The expected response is the full listing, retyped exactly, without its images.

Data provided:

☆ ☆ ☆

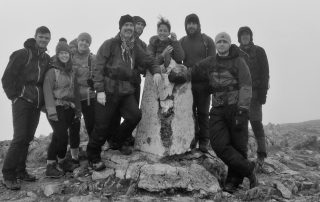 Welsh 3000s team gathered around the trig point on a misty summit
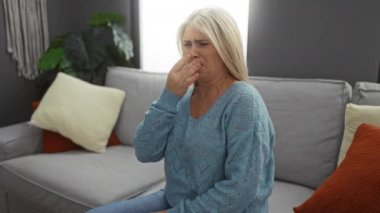 İçerideki kadın, kötü kokudan dolayı burnu kapalı, parlak, modern oturma odasındaki koltukta oturuyor. Etrafında yastıklar ve arka plandaki bitkiler rahatsız edici.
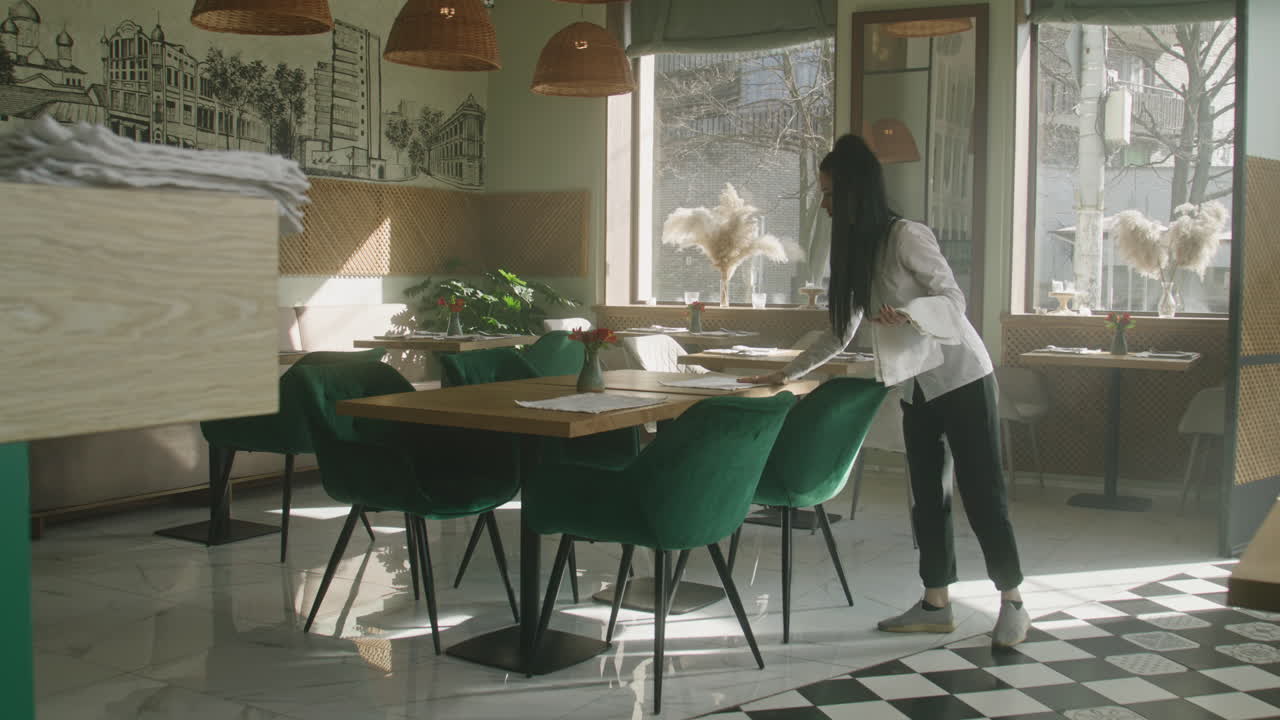 Restaurant interior with waitress setting tables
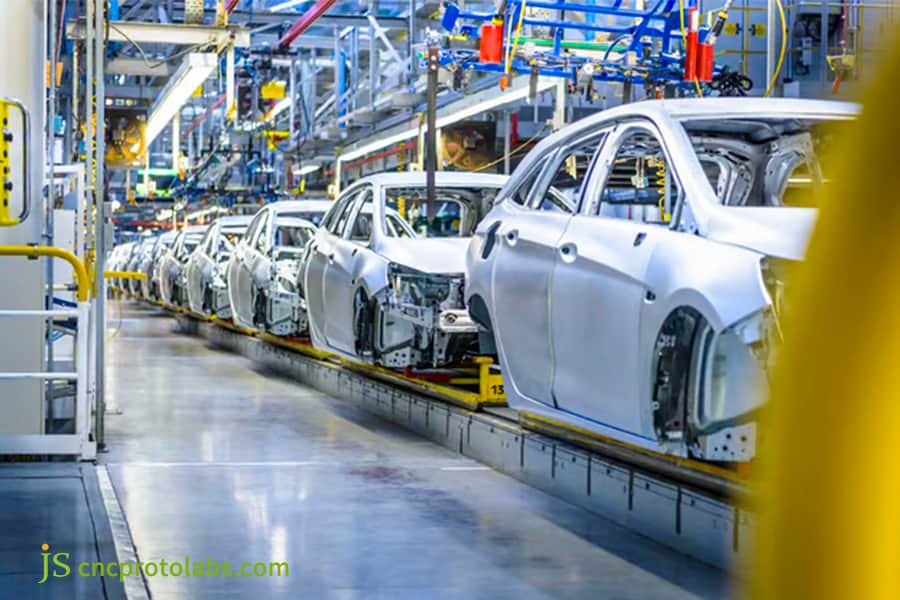 Automotive bodies on a precision assembly line.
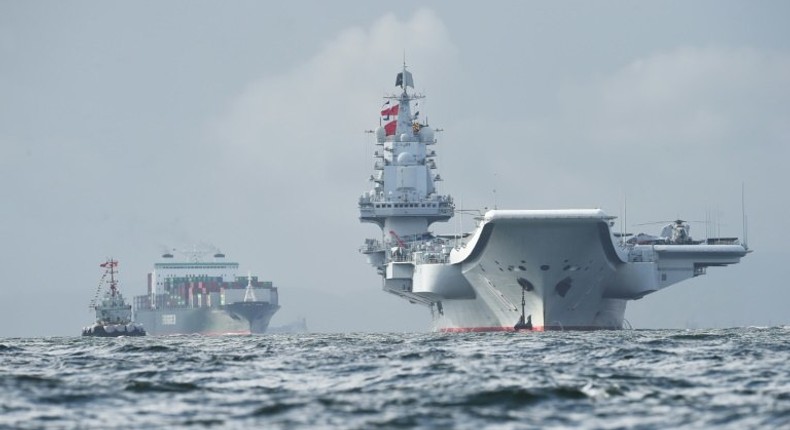 Beijing sent its only aircraft carrier, the Liaoning (r), through the Taiwan Strait in January during a drill and also in July when it was en route to Hong Kong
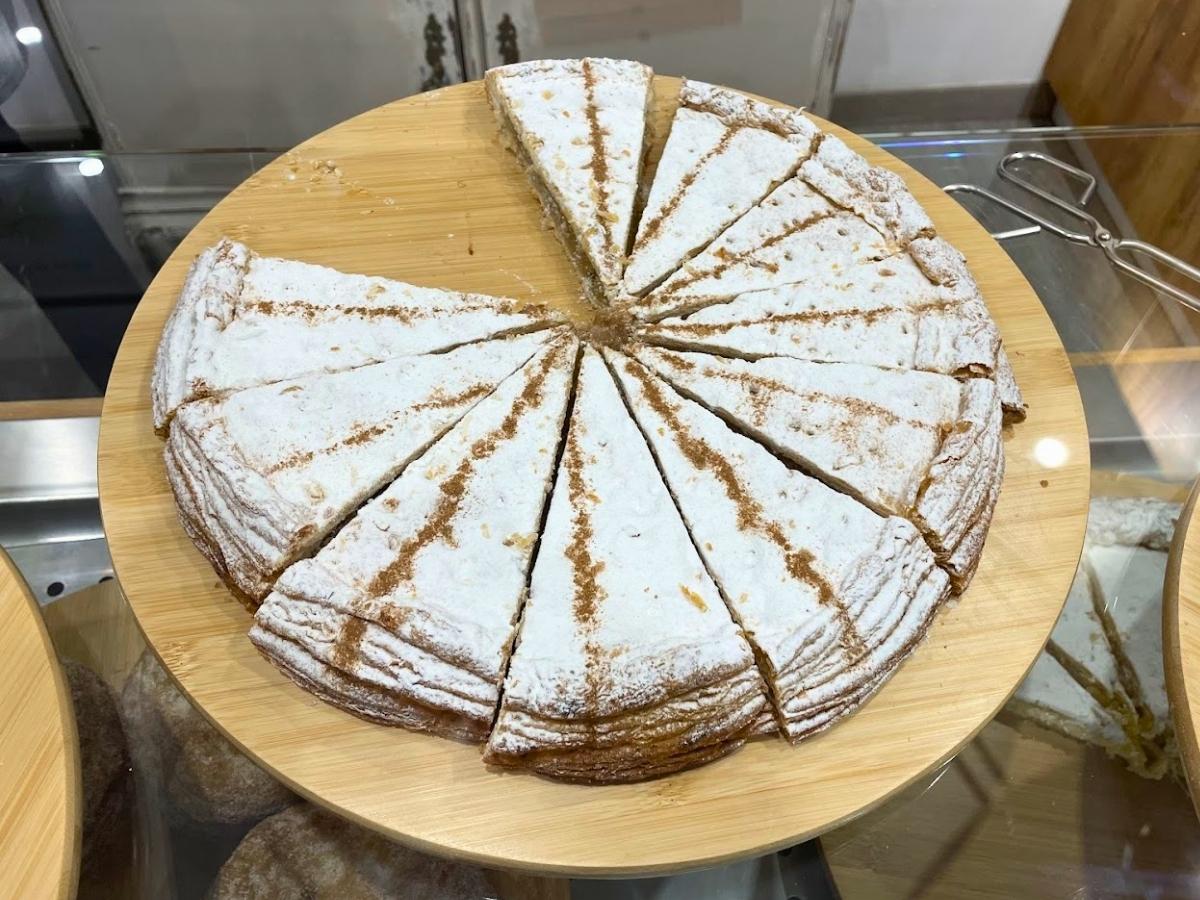 Round pastel cordobes pastry dusted with powdered sugar and sliced into wedges displayed on a wooden board in Cordoba Spain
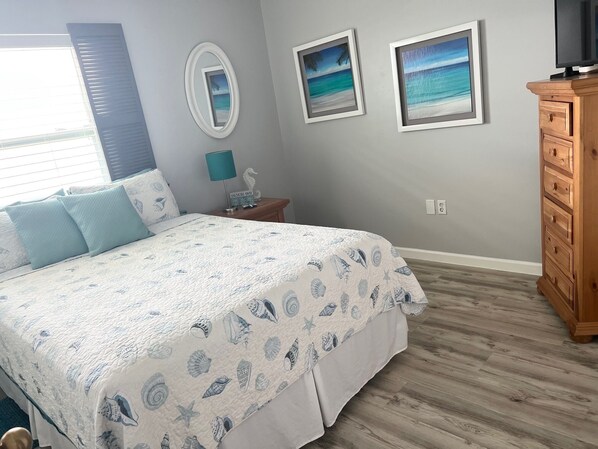 Een slaapkamer met een bed, nachtkastje, kaptafel en twee foto's in lijsten aan de muur.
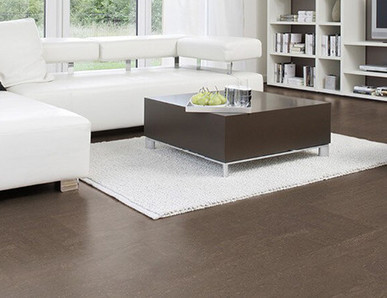 Der Boden im Wohnzimmer ist mit schokoladenfarbenem Kork ausgelegt. Weiter hinten stehen ein Sofa, ein Couchtisch und ein Sessel.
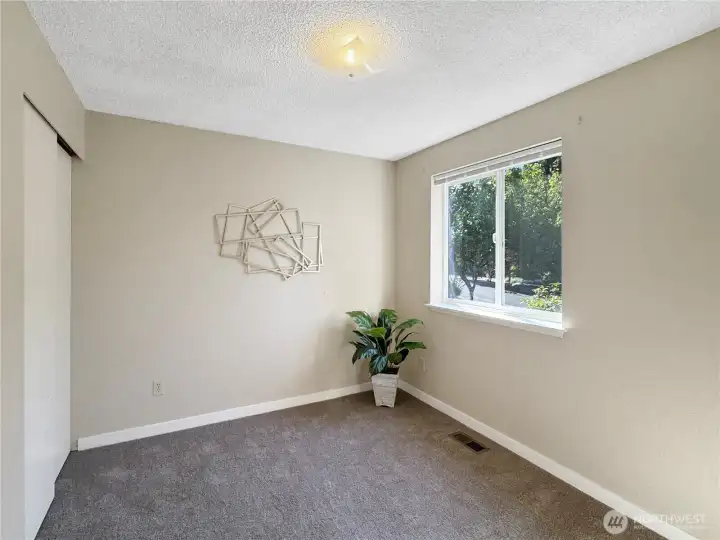 Additional main floor guest bedroom.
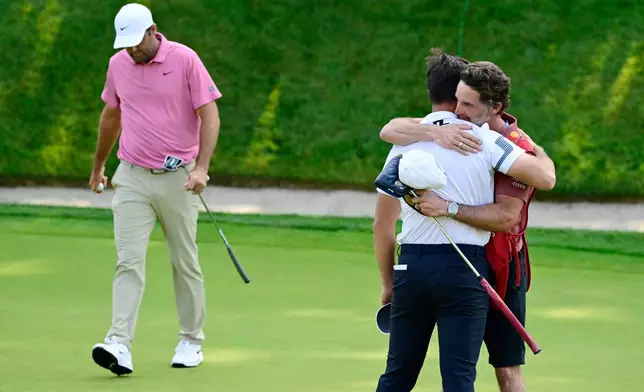 Viktor Hovland, of Norway, right, hugs his caddie Shay Knight as Scottie Scheffler, left, walks off the green on the first playoff hole of the Travelers Championship golf tournament at TPC River Highlands, Monday, June 29, 2026, in Cromwell, Conn. (AP Photo/Jessica Hill)r
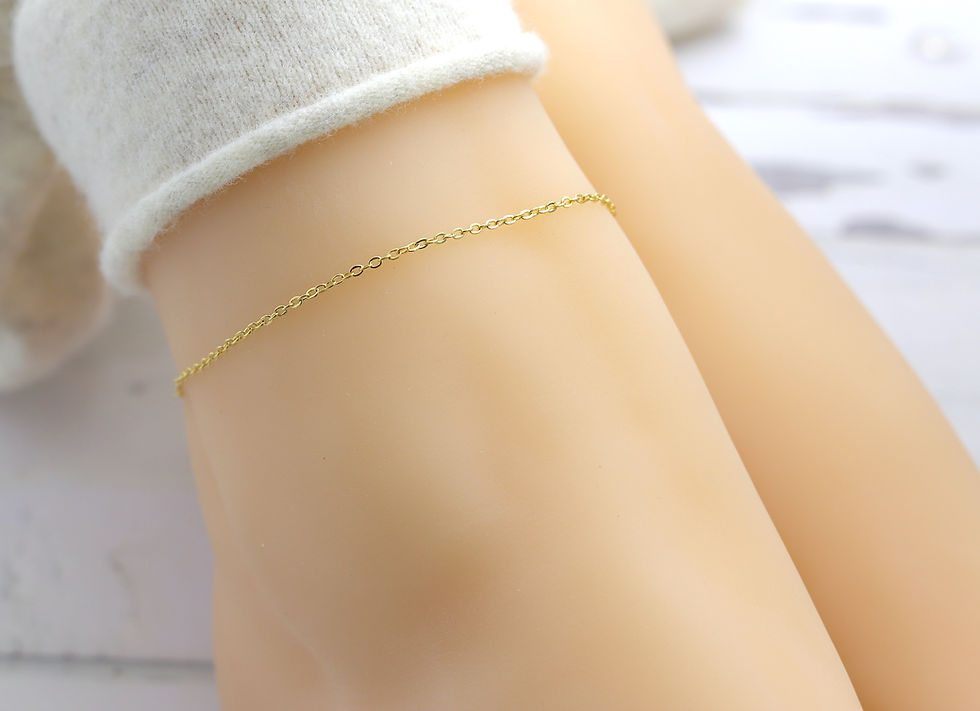Gold anklet on a smooth leg with a white fuzzy sock. Soft lighting and a blurred white background create a serene atmosphere.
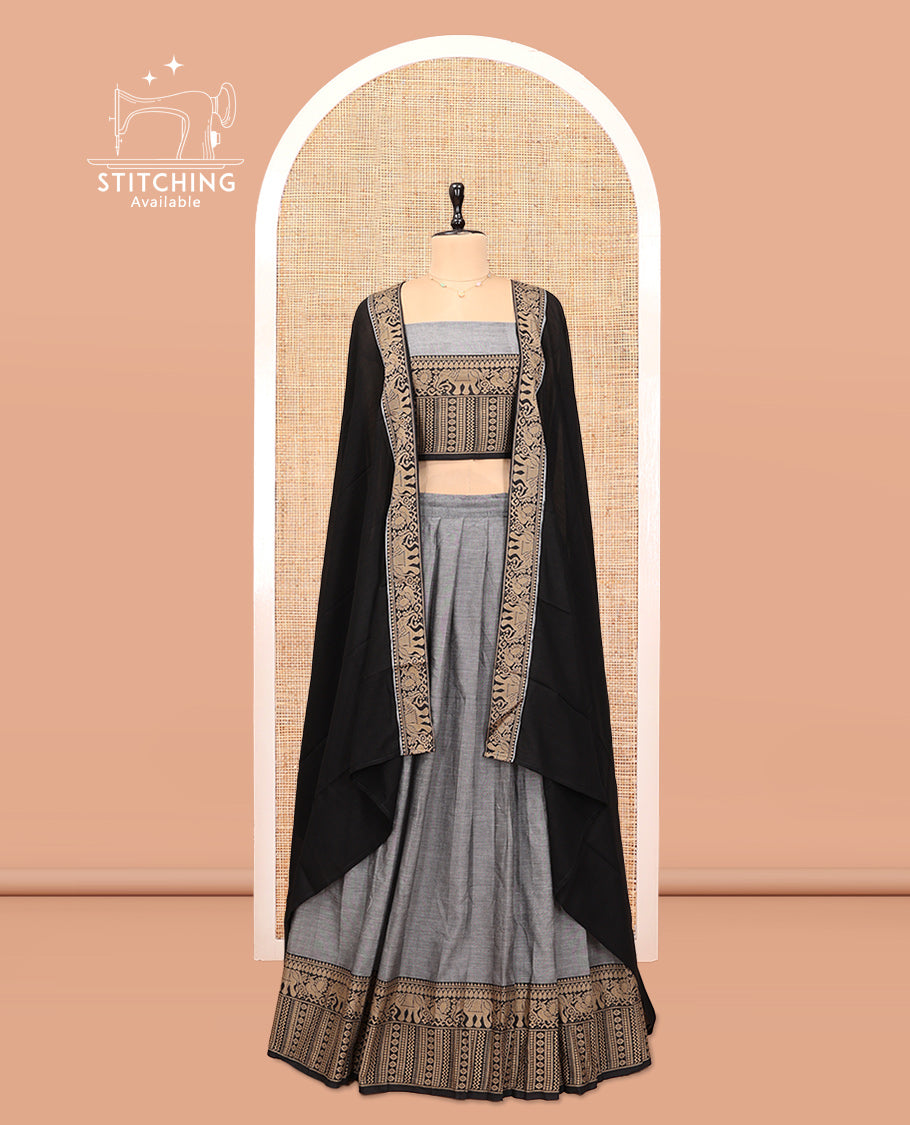 Grey Cotton Half-Saree Features Plain Skirt, a Contrast Traditional Thread Border, a Matching Blouse, and a Contrast Dhavani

☆ ☆ ☆

Written answer:
 Welsh 3000s team gathered around the trig point on a misty summit
 İçerideki kadın, kötü kokudan dolayı burnu kapalı, parlak, modern oturma odasındaki koltukta oturuyor. Etrafında yastıklar ve arka plandaki bitkiler rahatsız edici.
 Restaurant interior with waitress setting tables
 Automotive bodies on a precision assembly line.
 Beijing sent its only aircraft carrier, the Liaoning (r), through the Taiwan Strait in January during a drill and also in July when it was en route to Hong Kong
 Round pastel cordobes pastry dusted with powdered sugar and sliced into wedges displayed on a wooden board in Cordoba Spain
 Een slaapkamer met een bed, nachtkastje, kaptafel en twee foto's in lijsten aan de muur.
 Der Boden im Wohnzimmer ist mit schokoladenfarbenem Kork ausgelegt. Weiter hinten stehen ein Sofa, ein Couchtisch und ein Sessel.
 Additional main floor guest bedroom.
 Viktor Hovland, of Norway, right, hugs his caddie Shay Knight as Scottie Scheffler, left, walks off the green on the first playoff hole of the Travelers Championship golf tournament at TPC River Highlands, Monday, June 29, 2026, in Cromwell, Conn. (AP Photo/Jessica Hill)r
Gold anklet on a smooth leg with a white fuzzy sock. Soft lighting and a blurred white background create a serene atmosphere.
 Grey Cotton Half-Saree Features Plain Skirt, a Contrast Traditional Thread Border, a Matching Blouse, and a Contrast Dhavani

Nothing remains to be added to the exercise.